▶ **Material provided**
++++++++
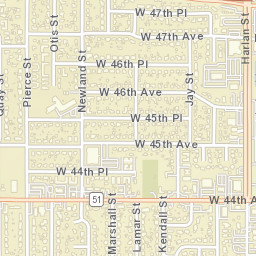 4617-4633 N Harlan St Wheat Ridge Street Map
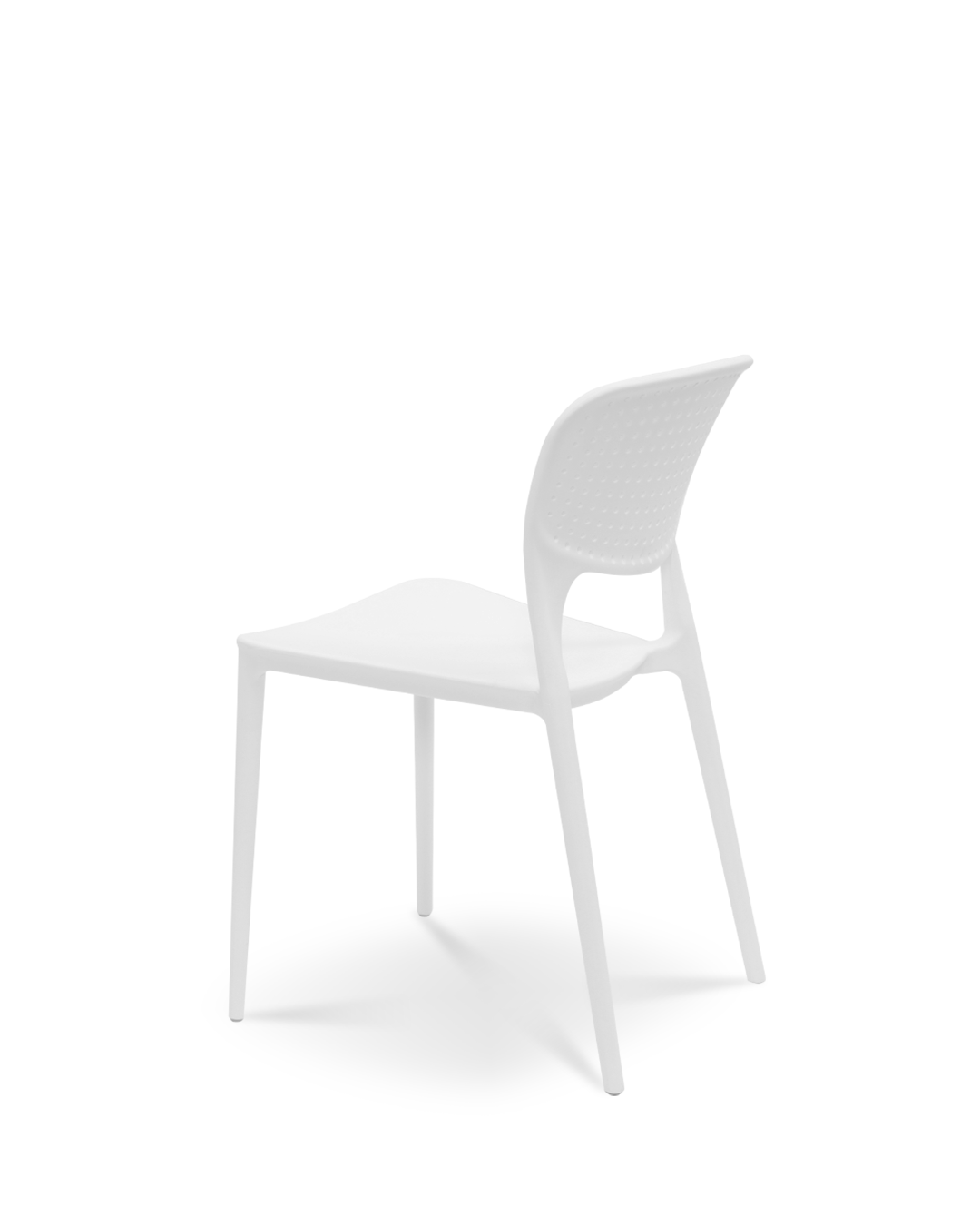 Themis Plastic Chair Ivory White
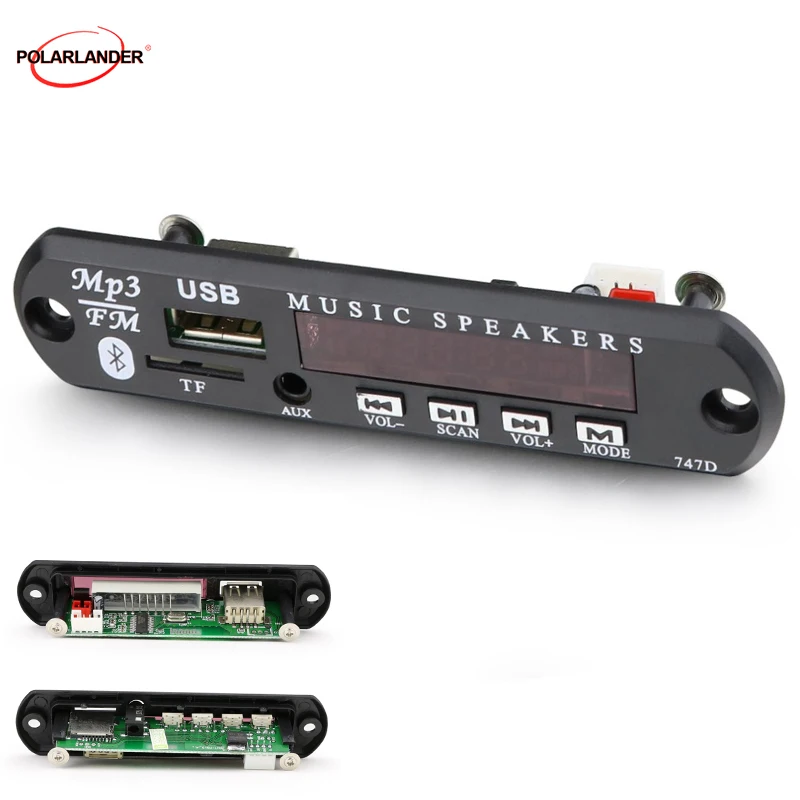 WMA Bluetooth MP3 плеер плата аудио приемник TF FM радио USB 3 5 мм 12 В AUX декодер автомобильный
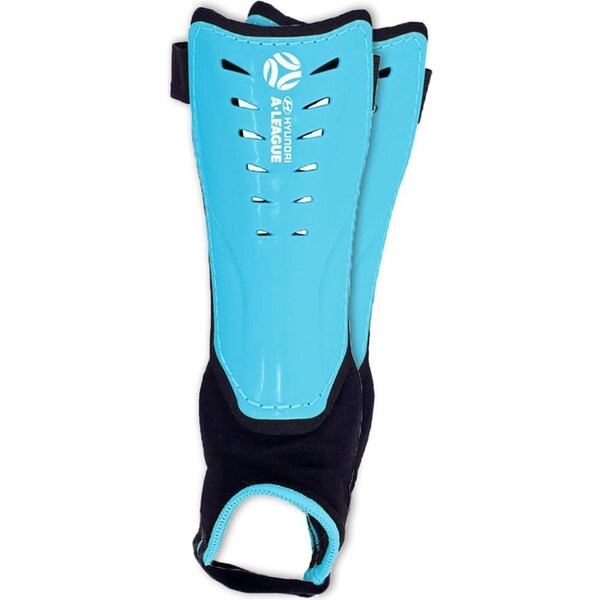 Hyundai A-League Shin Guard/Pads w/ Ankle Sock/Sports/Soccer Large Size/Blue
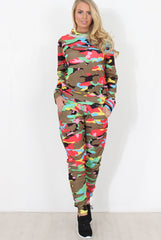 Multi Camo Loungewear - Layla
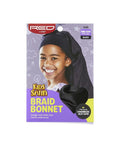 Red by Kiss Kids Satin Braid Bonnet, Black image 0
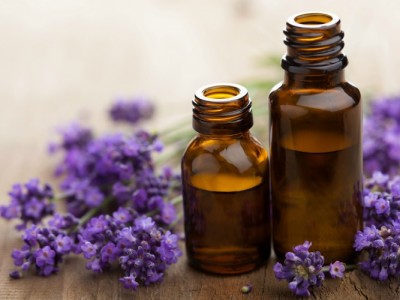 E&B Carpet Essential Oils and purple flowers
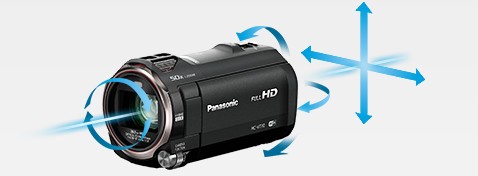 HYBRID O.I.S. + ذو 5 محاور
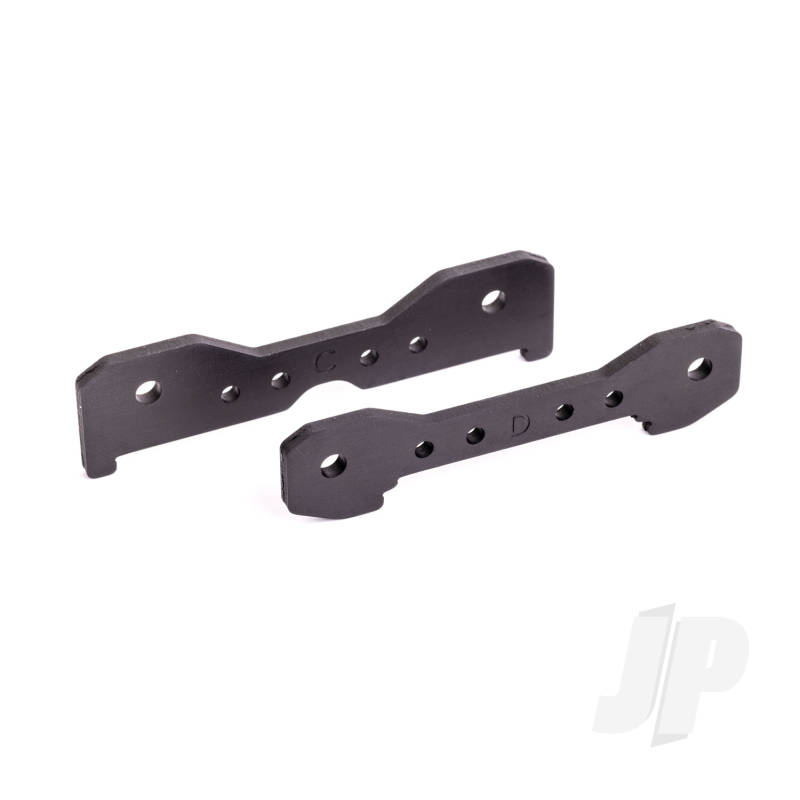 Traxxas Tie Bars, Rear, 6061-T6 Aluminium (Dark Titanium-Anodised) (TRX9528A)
++++++++
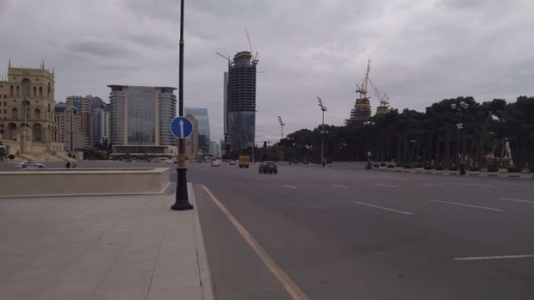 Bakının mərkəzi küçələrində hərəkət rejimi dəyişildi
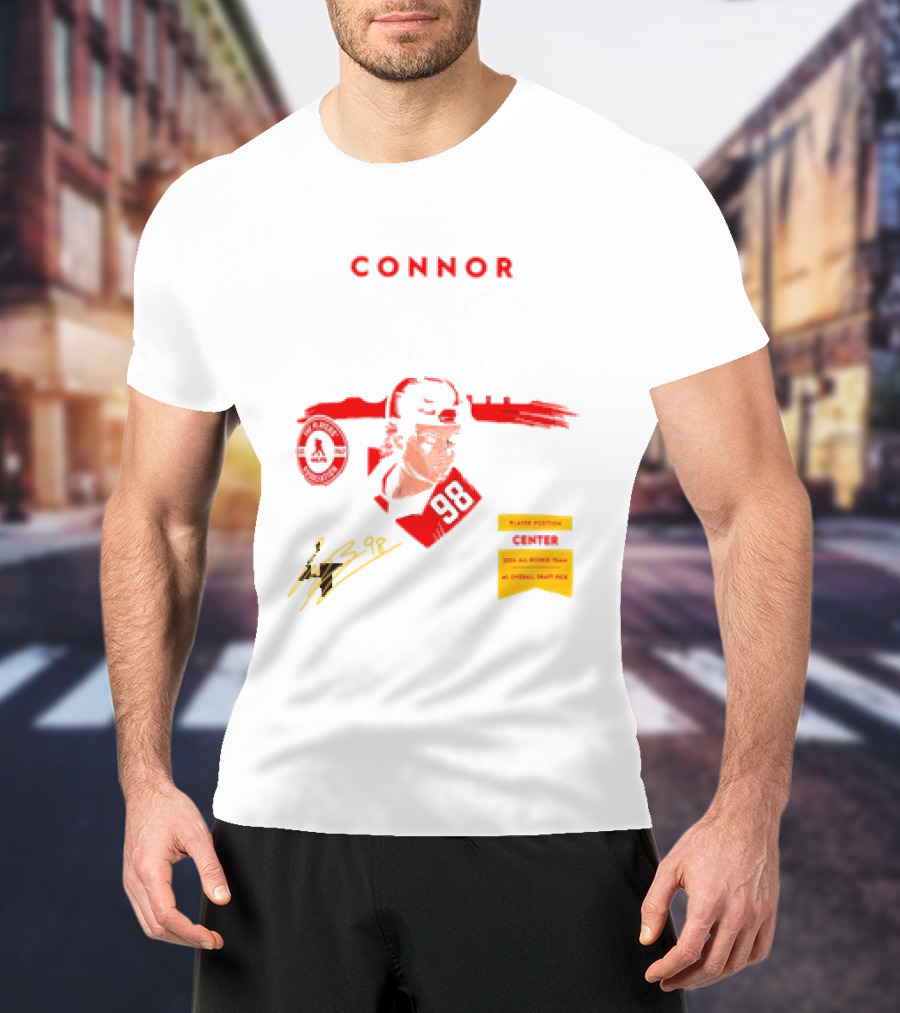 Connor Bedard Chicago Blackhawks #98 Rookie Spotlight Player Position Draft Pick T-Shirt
++++++++
▶ **Instructions for the task**
To complete this exercise, transcribe exactly the lines above from the one that holds "HYBRID O.I.S. + ذو 5 محاور" through the one that holds "Traxxas Tie Bars, Rear, 6061-T6". Pictures stay out.

▶ **Result for this task**
 HYBRID O.I.S. + ذو 5 محاور
 Traxxas Tie Bars, Rear, 6061-T6 Aluminium (Dark Titanium-Anodised) (TRX9528A)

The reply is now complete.